ACTIVITY.
Only the lines from the beginning of the listing below through the line with "Couverture Polaire Citrouille" belong in the answer; please print them exactly and drop the pictures.

DATA FOR THIS TASK.
= = =
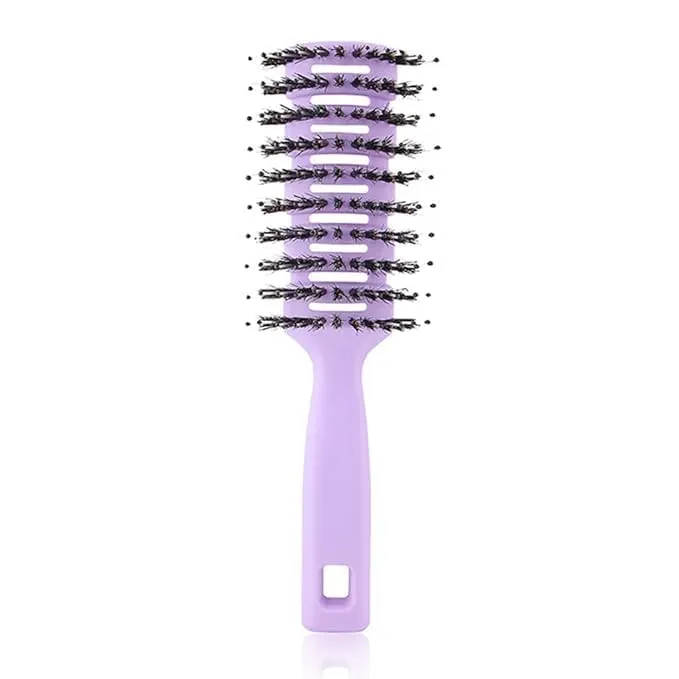 Kuber Industries Hair Brush | Flexible Bristles Brush | Hair Brush with Paddle | Quick Drying Hair Brush | Suitable For All Hair Types | Round Vented Hair Brush | Pack of 3 | C13-X-PURP | Purple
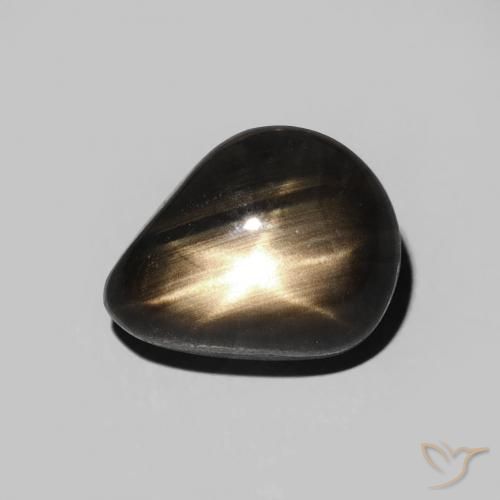 3.86ct 자연스러운 검은색 스타 사파이어, 배 모양, 불투명체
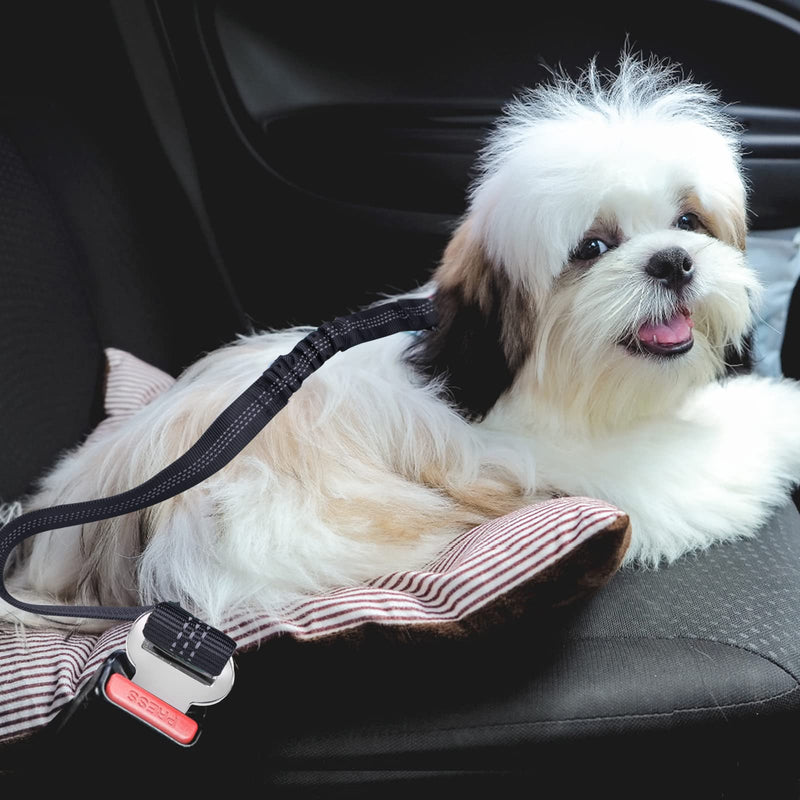 Dog Seat Belts for Car, Adjustable Nylon Restraint Car Seat Belt for Dog, Strong Dog Car Safety Harness with Elastic Bungee Buffer, 360 Degree Swivel Attach Won't Twist Black -1 Pack - BeesActive Australia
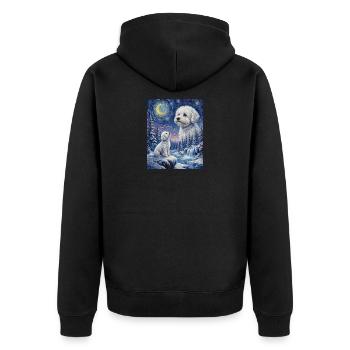 Hurlant à la Lune Mème Chien Bichon Frisé - Veste à capuche bio Premium Unisexe - noir - Dos - Nico (187cm)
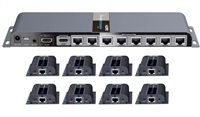 PremiumCord HDMI 1-8 splitter+extender po CAT6/6a/7, FULL HD, 3D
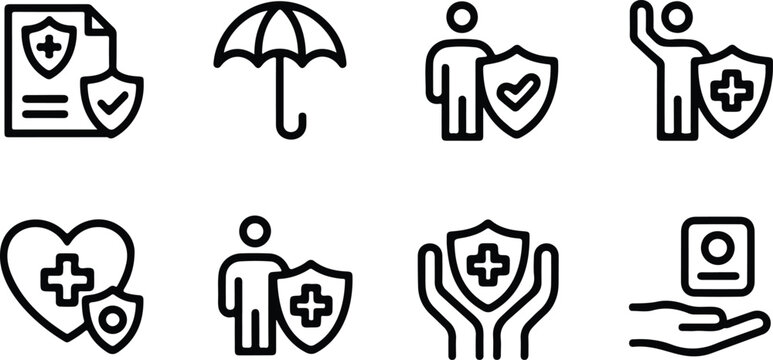 Minimalist black and white healthcare protection icon set with eight safety symbols arranged in clean 2x4 grid composition
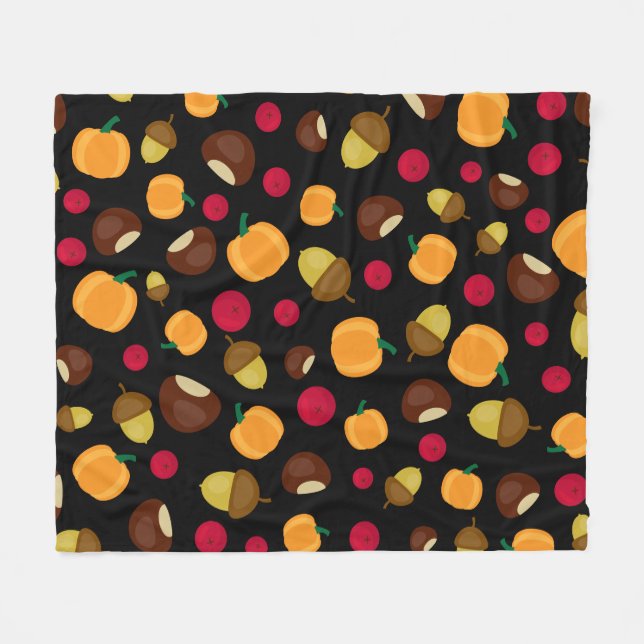 Couverture Polaire Citrouille de la chute noire Berries Motif de chât (Devant (Horizontal))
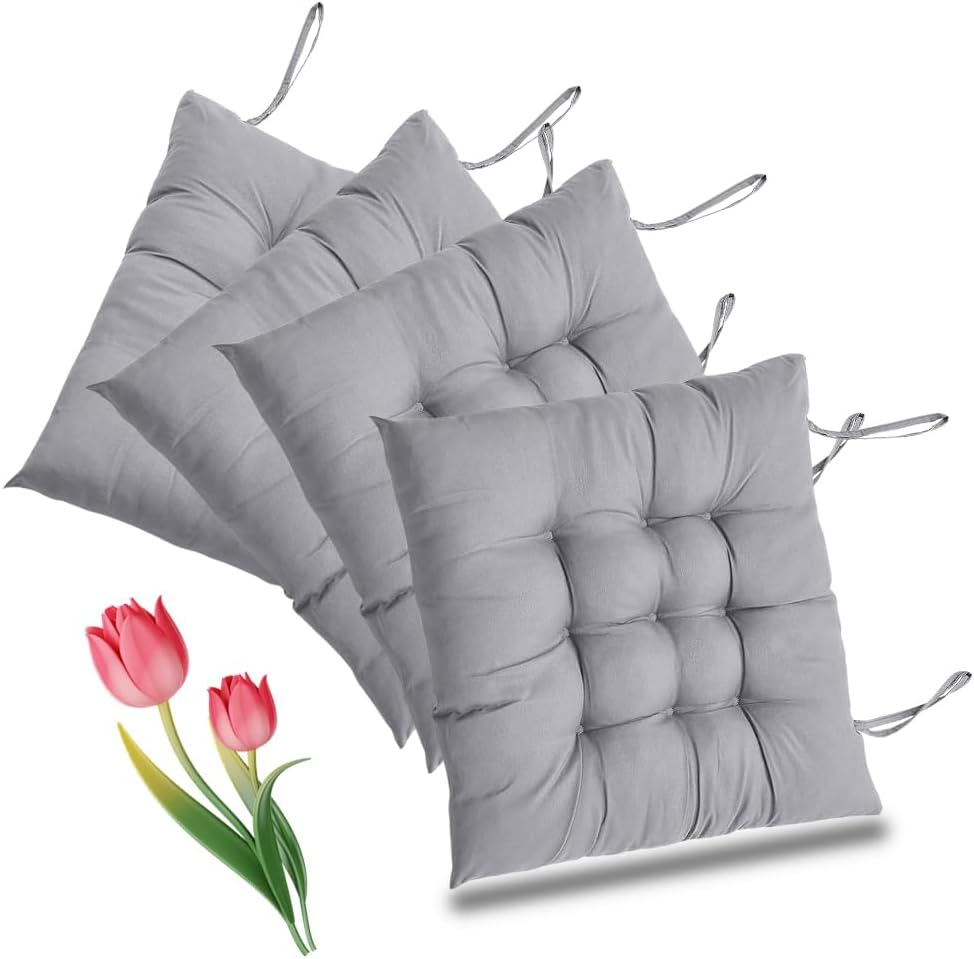 Stuhlkissen, 4er-Set, 40 x 40 cm, Sitzkissen, Gartenmöbel, Sitzkissen, Esszimmerstuhl, Sitzkissen für drinnen, draußen, Bürostuhl (grau)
= = =
RESULT FOR THIS EXERCISE.
 Kuber Industries Hair Brush | Flexible Bristles Brush | Hair Brush with Paddle | Quick Drying Hair Brush | Suitable For All Hair Types | Round Vented Hair Brush | Pack of 3 | C13-X-PURP | Purple
 3.86ct 자연스러운 검은색 스타 사파이어, 배 모양, 불투명체
 Dog Seat Belts for Car, Adjustable Nylon Restraint Car Seat Belt for Dog, Strong Dog Car Safety Harness with Elastic Bungee Buffer, 360 Degree Swivel Attach Won't Twist Black -1 Pack - BeesActive Australia
 Hurlant à la Lune Mème Chien Bichon Frisé - Veste à capuche bio Premium Unisexe - noir - Dos - Nico (187cm)
 PremiumCord HDMI 1-8 splitter+extender po CAT6/6a/7, FULL HD, 3D
 Minimalist black and white healthcare protection icon set with eight safety symbols arranged in clean 2x4 grid composition
 Couverture Polaire Citrouille de la chute noire Berries Motif de chât (Devant (Horizontal))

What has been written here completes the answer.